Specify a package using one of the following methods depending on where your package is stored.

Prerequisites

To install additional MATE packages successfully:

  • Add the variable TRANSFORM_FORCE_DEPS:1 in the file pipelines/includes/config/variables.yml.
    Adding the variable here makes it available to all MATE jobs.
  • If you have created your project from the DataOps Template Project and have the line local: ../../../modelling-and-transformation-libsfrom packages.yml in the file dataops/modelling/packages.yml, remove this line.
    Otherwise, you may have a compilation error installing the packages.

dbt-Hub packages

dbt Hub is a registry for dbt packages. Install the packages listed on dbt Hub using the syntax:

/dataops/modelling/packages.yml
packages:
- package: calogica/dbt_expectations
version: 0.5.6

Git packages

Public repository

Install the packages stored on a Git server using the syntax:

/dataops/modelling/packages.yml
packages:
- git: "https://github.com/dbt-labs/dbt-codegen.git"
revision: 0.8.1

Private repository

This method lets you clone private packages via HTTPS by passing in a Git token via an environment variable.

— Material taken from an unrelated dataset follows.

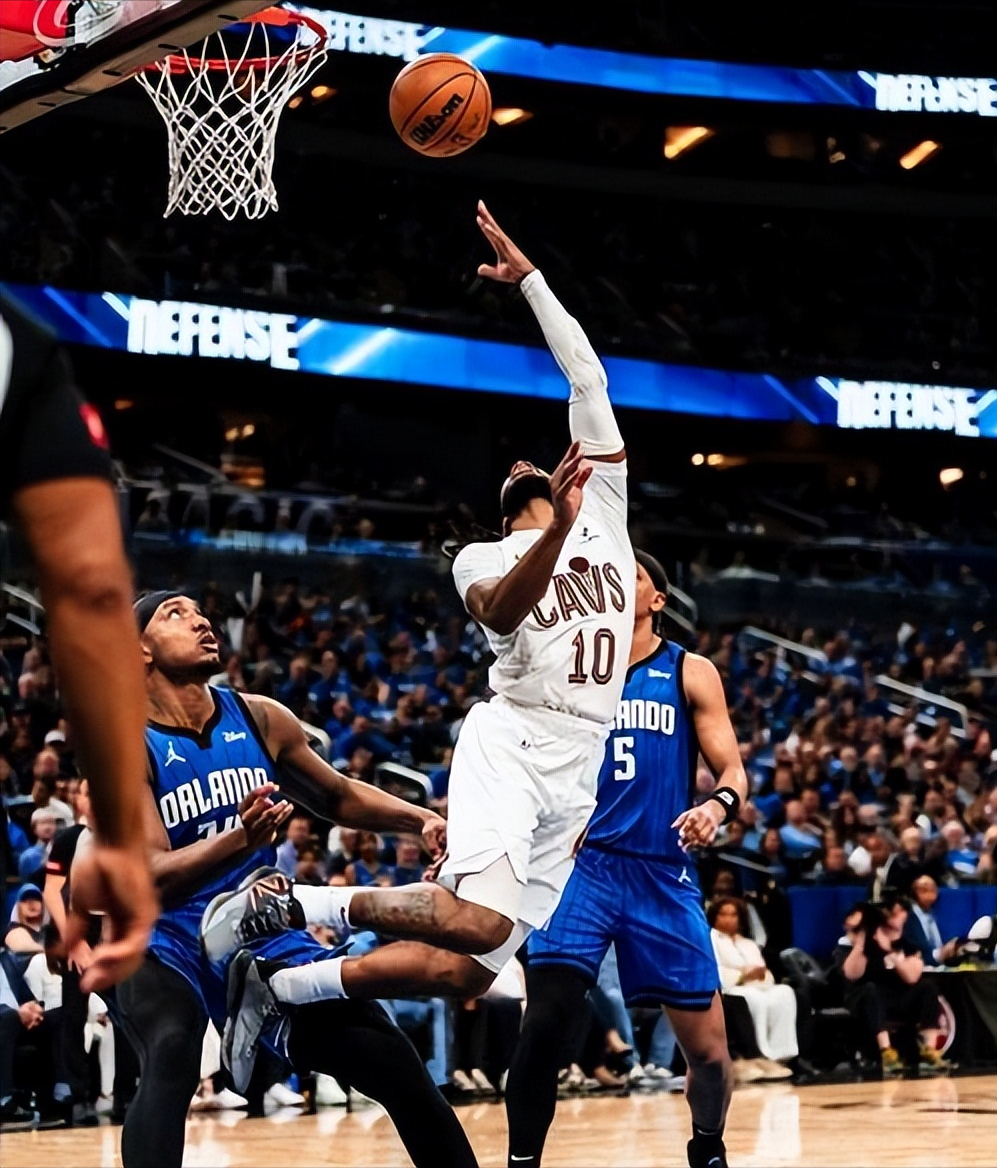 塞尔维亚男篮碾压魔术,米切尔爆发神勇的简单介绍 塞尔维亚男篮碾压魔术,米切尔爆发神勇的简单介绍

/dataops/modelling/packages.yml
packages:
# use this format when accessing your repository via a personal access token
- git: "https://{{env_var('GITHUB_USERNAME')}}:{{env_var('GIT_CREDENTIAL')}}@github.com/<your_repository_path>.git" # git HTTPS URL"

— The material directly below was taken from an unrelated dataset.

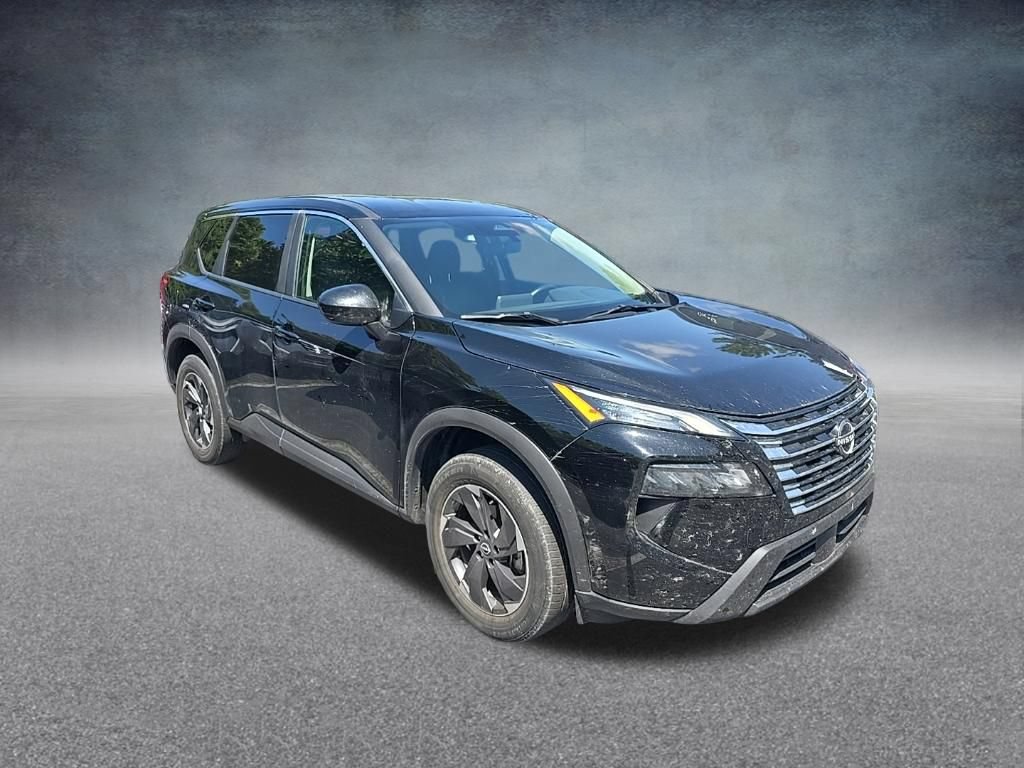 Used 2025 Nissan Rogue SV FWD image 2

Read more about creating a GitHub Personal Access token.

Project subdirectories

The dbt documentation gives a great example for installing packages from sub-directories.

Local packages

Install the packages that you have stored locally by specifying the path to the project using the syntax:

/dataops/modelling/packages.yml
packages:
- local: /opt/dbt/foobar # use a local path

When the MATE job runs in the DataOps pipelines, the MATE Orchestrator goes through the packages.yml file and installs all the packages (or dependencies) needed to run all the MATE jobs.

Configuring packages

Add any variables needed by these packages to the dbt_project.yml file. The dbt documentation gives a great example of adding (or configuring) variables for the Snowflake snowplow/snowplow_web package, found on hub.getdbt.com/snowplow/snowplow_web.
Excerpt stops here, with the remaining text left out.